Give exactly the lines from the one with "Runner Photo 6120349" through the final line of the listing below, both included, leaving out any pictures.

----------

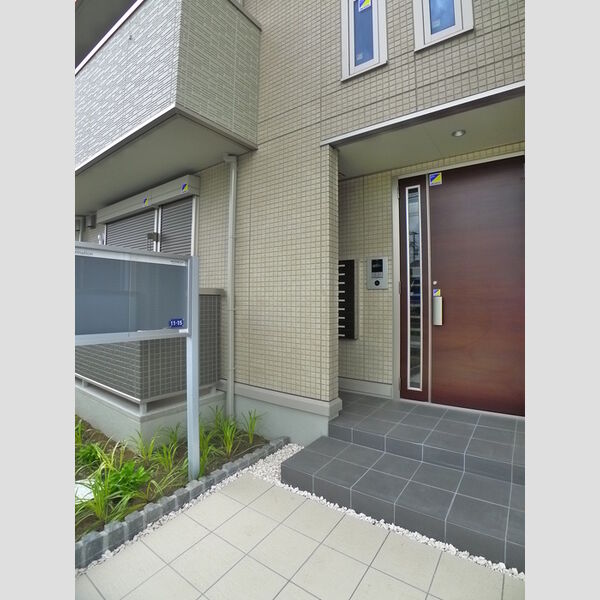 エントランス (エントランス)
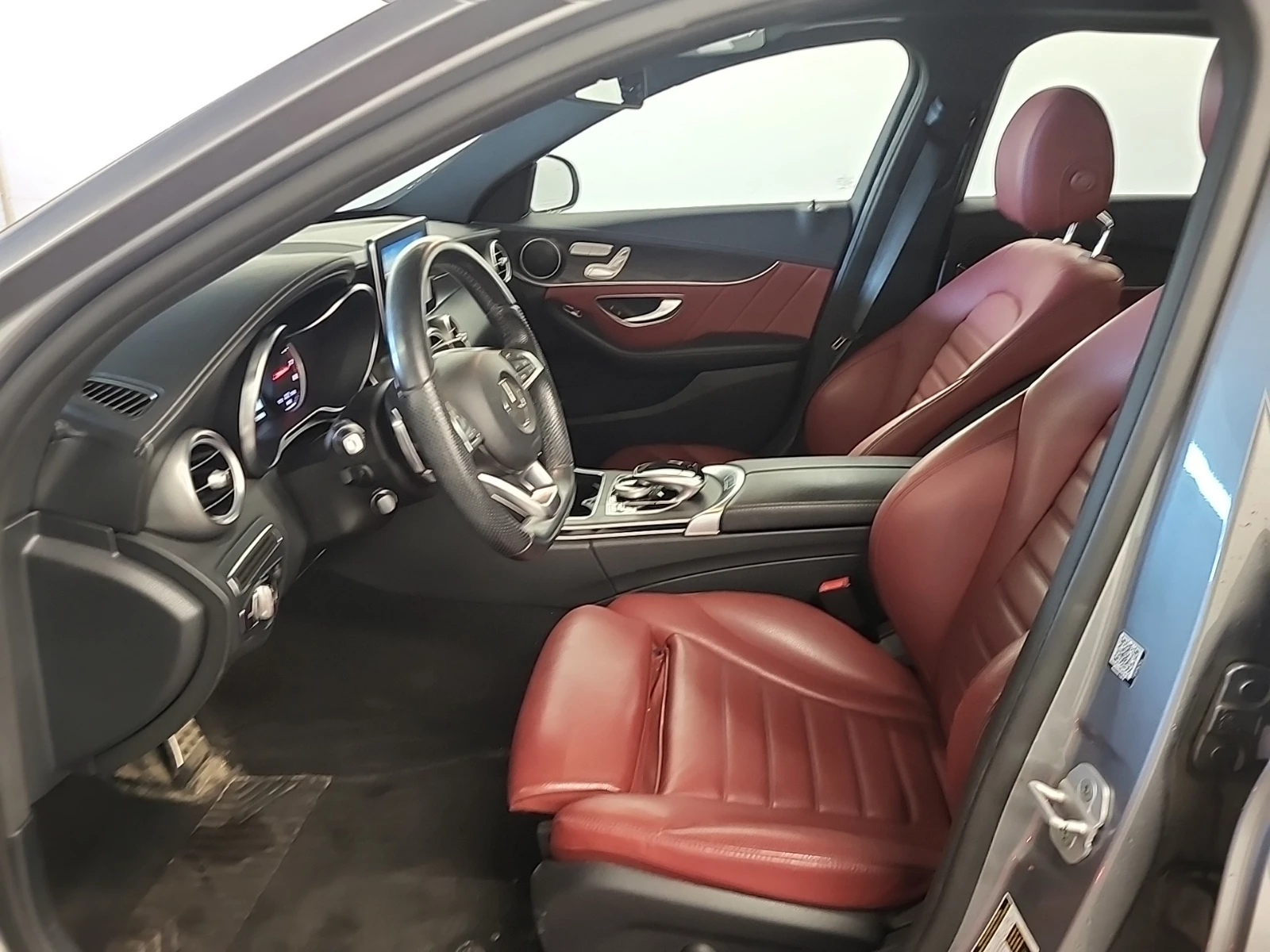Mercedes-Benz C 300 * LUXURY* * АВТОКРЕДИТ* * ЦЕНА ДО БЪЛГАРИЯ*  - изображение 9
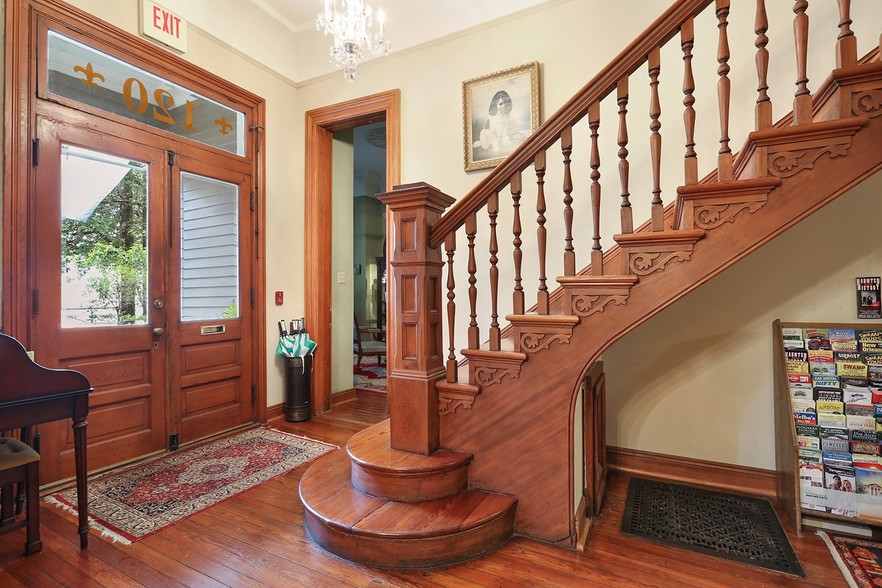 More Photos Of 120 S Pierce St, New Orleans Hotel For Sale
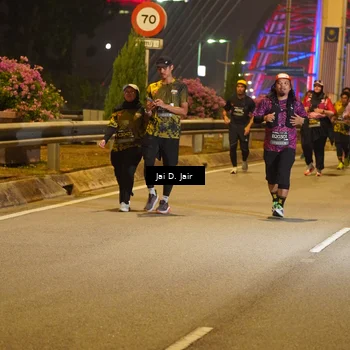 Runner Photo 6120349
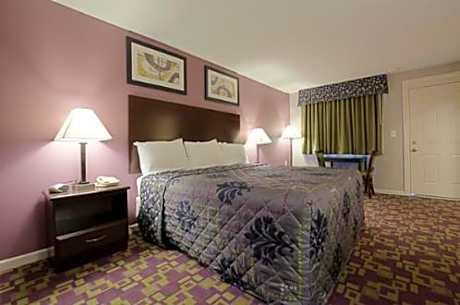Suite with River View - Non-Smoking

----------

== YOUR SOLUTION ==
 Runner Photo 6120349
Suite with River View - Non-Smoking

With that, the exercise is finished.